New York, Aug. 1 (Bloomberg) -- Copper fell to its lowest
price in more than two years, as reports of slowing economies in
the U.S. and Europe reflected weakening demand from manufacturers
and builders.
Declines in factory orders in the U.S. and lower sales by
manufacturers and retailers in Europe showed no easing of the
slowdown that's reduced purchases of copper wire and pipes. The 20
percent drop in copper prices this year led Phelps Dodge Corp.,
the No. 2 producer, to predict a loss during the current quarter.
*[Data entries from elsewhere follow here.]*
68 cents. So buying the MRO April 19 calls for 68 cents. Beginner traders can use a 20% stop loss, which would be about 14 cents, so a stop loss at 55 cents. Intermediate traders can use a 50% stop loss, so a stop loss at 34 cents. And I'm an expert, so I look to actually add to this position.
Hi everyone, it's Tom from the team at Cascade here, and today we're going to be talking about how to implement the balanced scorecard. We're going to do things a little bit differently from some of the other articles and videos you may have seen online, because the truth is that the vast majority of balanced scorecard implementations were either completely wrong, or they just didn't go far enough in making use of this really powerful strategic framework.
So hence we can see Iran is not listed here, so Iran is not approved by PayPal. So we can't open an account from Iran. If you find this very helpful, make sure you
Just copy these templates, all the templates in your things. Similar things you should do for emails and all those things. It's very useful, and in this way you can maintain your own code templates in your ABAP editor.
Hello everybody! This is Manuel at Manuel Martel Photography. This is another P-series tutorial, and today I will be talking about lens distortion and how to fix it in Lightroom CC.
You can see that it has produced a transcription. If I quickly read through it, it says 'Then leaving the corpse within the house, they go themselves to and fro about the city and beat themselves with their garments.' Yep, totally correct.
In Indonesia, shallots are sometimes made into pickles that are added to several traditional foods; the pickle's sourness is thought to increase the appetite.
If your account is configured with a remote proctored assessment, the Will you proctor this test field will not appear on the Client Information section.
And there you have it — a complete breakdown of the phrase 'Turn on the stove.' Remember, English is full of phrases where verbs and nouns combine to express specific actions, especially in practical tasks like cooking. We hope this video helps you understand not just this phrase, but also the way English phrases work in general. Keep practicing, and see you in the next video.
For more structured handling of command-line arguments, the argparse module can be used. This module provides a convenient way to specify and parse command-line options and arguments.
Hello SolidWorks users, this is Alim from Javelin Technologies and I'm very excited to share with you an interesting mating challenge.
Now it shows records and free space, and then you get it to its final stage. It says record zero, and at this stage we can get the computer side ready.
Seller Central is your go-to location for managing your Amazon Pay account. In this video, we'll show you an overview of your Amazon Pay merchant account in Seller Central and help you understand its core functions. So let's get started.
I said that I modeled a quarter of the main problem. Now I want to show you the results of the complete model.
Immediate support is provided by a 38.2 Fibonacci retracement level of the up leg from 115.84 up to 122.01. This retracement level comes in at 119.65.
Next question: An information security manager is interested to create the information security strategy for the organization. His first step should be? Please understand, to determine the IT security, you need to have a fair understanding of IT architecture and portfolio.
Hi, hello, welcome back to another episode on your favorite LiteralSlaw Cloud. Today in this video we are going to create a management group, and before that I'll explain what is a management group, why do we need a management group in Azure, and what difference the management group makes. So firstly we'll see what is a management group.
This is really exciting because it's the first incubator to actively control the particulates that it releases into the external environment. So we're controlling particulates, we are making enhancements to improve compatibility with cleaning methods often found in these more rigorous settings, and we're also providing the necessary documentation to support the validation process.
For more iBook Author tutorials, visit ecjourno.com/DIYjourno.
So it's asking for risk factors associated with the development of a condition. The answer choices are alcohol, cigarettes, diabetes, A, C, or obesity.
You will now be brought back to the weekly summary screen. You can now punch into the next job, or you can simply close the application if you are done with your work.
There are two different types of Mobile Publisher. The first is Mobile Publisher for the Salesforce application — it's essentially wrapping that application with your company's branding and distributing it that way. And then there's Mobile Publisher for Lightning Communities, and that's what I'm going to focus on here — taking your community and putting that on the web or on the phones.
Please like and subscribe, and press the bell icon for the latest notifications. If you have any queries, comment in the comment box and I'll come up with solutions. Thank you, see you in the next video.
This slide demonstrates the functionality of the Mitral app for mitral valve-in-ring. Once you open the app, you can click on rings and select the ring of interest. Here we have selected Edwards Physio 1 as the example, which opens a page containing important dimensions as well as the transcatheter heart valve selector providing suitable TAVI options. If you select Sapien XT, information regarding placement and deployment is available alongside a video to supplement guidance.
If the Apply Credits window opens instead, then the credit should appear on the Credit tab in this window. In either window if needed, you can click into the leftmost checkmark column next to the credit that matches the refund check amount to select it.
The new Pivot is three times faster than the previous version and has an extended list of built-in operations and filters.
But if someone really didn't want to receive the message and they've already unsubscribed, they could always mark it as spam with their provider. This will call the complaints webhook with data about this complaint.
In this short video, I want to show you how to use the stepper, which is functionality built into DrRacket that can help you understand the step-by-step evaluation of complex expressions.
``The message continues to be `no growth,''' said David
Andres, purchasing director for metals at General Motors Corp.,
the largest automaker. ``The economy just keeps dragging along.''
Copper for September delivery fell as much as 1.15 cents, or
1.7 percent, to 67.1 cents a pound on the Comex division of the
New York Mercantile Exchange, the lowest price for a most-active
contract since June 24, 1999.
Prices may fall as low as 65 cents in coming weeks, said
George Cheveley, research manager at CRU International, a copper
research firm in London.
The National Association of Purchasing Management's factory
index dropped to 43.6 last month from 44.7 in June. A reading
below 50 signals contraction, and the index has stayed in the 40s
for a year. In Europe, manufacturing fell for a fourth straight
month, according to a purchasing managers survey covering the
dozen countries sharing the euro.
Copper prices have fallen in step with the economic slowdown,
plunging from a three-year high of 94.4 cents a pound in
September. The reduced demand sent copper inventories monitored by
the London Metal Exchange to a 14-month high on Thursday.

Phelps Dodge

Phelps Dodge yesterday said it expected to lose between $1.10
and $1.20 a share in the third quarter, before any one-time gains
or losses. It would be the third consecutive quarterly loss for
the Phoenix-based company, the second-largest copper producer
after Chile's Codelco.
In a further harbinger of weakening demand, the Commerce
Department reported that U.S. construction spending declined 0.7
percent in June, the biggest drop since July 2000.
Builders account for 40 percent of copper demand. A typical
single-family home contains about 400 pounds of the metal,
according to the Copper Development Association, a New York-based
industry group.
General Motors lowered North American production by 13
percent during the second quarter from a year earlier to 1.36
million vehicles to trim inventories on dealer lots.
``Our business is definitely off year-over-year, and we're
not forecasting a dramatic bounce,'' Andres said.
An automobile contains about 50 pounds of copper, according
to industry estimates.
Copper inventories in LME-monitored warehouses reached
654,325 metric tons on Thursday, the highest level since May 12,
2000, the exchange said. Supplies have risen 82 percent this year.
In London, copper for delivery in three months fell as much
as $24.50, or 1.6 percent, to $1,477 a metric ton (67 cents a
pound) on the London Metal Exchange.